Tuesday, January 22, 2008

(flat, deadpan voice) ...wow man that's just like so totally cool

Toddling along on the intarweebs tonight, trying to find some equilibrium between this week's dose of sad (poor old Heath) and glad (looks like the HD format war is over!), I came upon this enlightening press release about a new website at Nicthus.com, which offers apparel for young Christians "with a message that it is cool to be Christian... Some of the messages on the clothing are intentionally ambiguous, fun and often with an ironic twist."

But hey, don't just take their word for it! Want to see just how cool they really are? Check the logo!

There. If that isn't officially the coolest thing ever, I'll eat my copy of Pat Boone's In a Metal Mood. I mean, shit, the fact that the fish has got shades would have been enough to make me want to be him in the worst possible way. But look! The motherfucker's got shades and a goatee! Damn, dawg! Creamed jeans are made of this! Even James Bond is gonna have to pack up his license to kill and go home, now the fish is in the house. Finally I see what I've been doing wrong all these years. If I'd known about the tsunami-like levels of mad cool that just radiates from the shades/goatee combination, damn, I bet by now I would have already worked my way through the waitstaff of every Hooter's in town and would be halfway through the Texas Bikini Team. But no, the best I ever managed to figure out on my own was a pair of my dad's old bifocals and a Charlie Chan moustache. Clearly, coolness has eluded me as a concept. Where have you been all this time when I needed guidance, Mr. Hipsterbeatnikfish?

Thing is, though, I looked at some of this apparel on the site itself. And, well, I don't see that it's really as cool as all that. I mean, it doesn't seem like the sort of thing the fish would wear, you know, if he was gonna represent. And some of them don't seem especially Christian, either. Like, there are these designs promoting Intelligent Design, for one thing. And as we keep being told by its proponents, Intelligent Design has nothing to do with religion. Right? So I guess I'm confused about that. I'm also confused by shirts that say things like "thump thump" with no explanation. And the explanation the website gives me doesn't help to clear anything up.

Who's that knocking and what do they want?

We think it might be God trying to get our attention. He just might have something to say to us. Do you think we would respond better if we actually heard the knocking or, um, thumping?

What is a thump? Is it the sound your heart makes? A peck on the shoulder to get you to notice something? A knock on the door? The bass note in a great song? Granted it's a shirt that will get a lot of attention and more than a few questions.

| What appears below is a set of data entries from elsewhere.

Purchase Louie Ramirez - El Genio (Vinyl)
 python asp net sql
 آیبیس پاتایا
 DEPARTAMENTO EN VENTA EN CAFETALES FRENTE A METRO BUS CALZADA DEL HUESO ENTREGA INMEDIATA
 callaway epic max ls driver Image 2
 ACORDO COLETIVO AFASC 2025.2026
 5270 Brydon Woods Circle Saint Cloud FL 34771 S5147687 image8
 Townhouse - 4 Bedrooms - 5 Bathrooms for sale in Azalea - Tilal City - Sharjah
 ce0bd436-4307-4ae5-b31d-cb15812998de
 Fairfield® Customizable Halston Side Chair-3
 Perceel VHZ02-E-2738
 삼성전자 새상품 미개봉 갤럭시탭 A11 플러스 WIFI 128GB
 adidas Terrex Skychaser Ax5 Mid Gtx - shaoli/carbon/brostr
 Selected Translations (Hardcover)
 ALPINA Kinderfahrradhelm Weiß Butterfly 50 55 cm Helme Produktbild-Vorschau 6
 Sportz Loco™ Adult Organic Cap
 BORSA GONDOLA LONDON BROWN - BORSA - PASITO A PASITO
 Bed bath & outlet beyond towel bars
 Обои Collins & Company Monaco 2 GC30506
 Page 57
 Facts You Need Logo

I'm still not sure if that's an actual explanation of what the shirt means, or an exercise in free verse. I'm even more baffled by the shirt that says "splat!", whose meaning is explained in this way: "What is the sound of creation? When God creates someone, and there is no one around to hear it, does it make a sound?" Uh...what? Is this like Zen Christianity now? And are they referring to God, the act of creation, or the created someone by the word "it"? And are they really telling us that the creation of the universe was accompanied by the monumental sound of a splat? Are they replacing the Big Bang theory with the Big Dump theory? Or is this, like, a joke, and is that what makes it "cool"?

I have so much to learn!

Really, I have to admire the way the gang at Nicthus went about their, um, market research. You know, for how to appeal to 21st century youth by being all "humorous, edgy, thought-provoking," and "stylish." I don't see how you could fail with a campaign like this:

...the brand name Nicthus was formed from a combination of the words 'beatnik' for young, hip and cool, and 'icthus.' The beatnik was an icon of the "cool" generation in the 1950s...

An icon of the 1950's!

That is sooo fucking 2008, dudes! What an ironic twist!

6 comments:

  1. I am having a difficult time dealing with how cool this is.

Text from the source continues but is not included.